Plus de trente ans après la publication de l’« Espace Public », thèse du philosophe allemand Jürgen Habermas, le concept a irrigué bien des recherches en sciences sociales particulièrement dans le domaine de la communication. Loin de vouloir en dresser le solde de tout compte, l’ouvrage collectif coordonné par Isabelle Pailliart tente de relever la pertinence et la force heuristique de la perspective tracée par l’héritier de l’Ecole de Francfort pour analyser les formes nouvelles que revêt cette sphère publique au sein d’une société conquise par la communication.

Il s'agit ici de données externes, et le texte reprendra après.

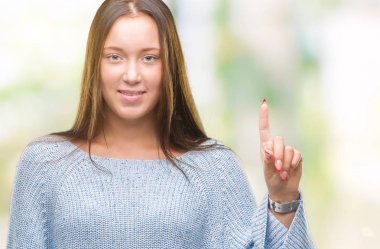 Ve parmak gülümseyen süre bir numara ile kendinden emin ve mutlu yukarıyı gösteren izole arka plan üzerinde kış kazak giyen genç güzel beyaz kadın.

Réfutant le constat d’un dépérissement de cet espace public à travers une revue critique des nombreux travaux empiriques que ce concept a suscités, les auteurs de cet ouvrage à plusieurs mains s’attachent à cerner les formes de sa recomposition dans le souci d’offrir un cadre d’analyse réactualisé à certaines questions manifestement contemporaines : la logique marchande des médias, le développement du marketing politique, la redéfinition des frontières entre espace privé et espace public, la communication d’entreprise comme technique d’ingénierie sociale, la faible participation des femmes à la vie publique, les métamorphoses de la représentation politique ainsi que l’ébranlement du projet pédagogique à l’épreuve des médias.

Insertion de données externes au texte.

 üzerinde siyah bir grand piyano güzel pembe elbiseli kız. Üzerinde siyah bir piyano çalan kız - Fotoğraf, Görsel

Parmi les différentes signatures, citons celle de Bernard Miège pour une introduction magistrale à la recherche sur les médiations sociales dans l’espace public. Relevons également la contribution de Patrick Champagne sur le rôle des sondages pour une interrogation salutaire sur la construction sociale des faits statistiques et sur la construction statistique des faits sociaux.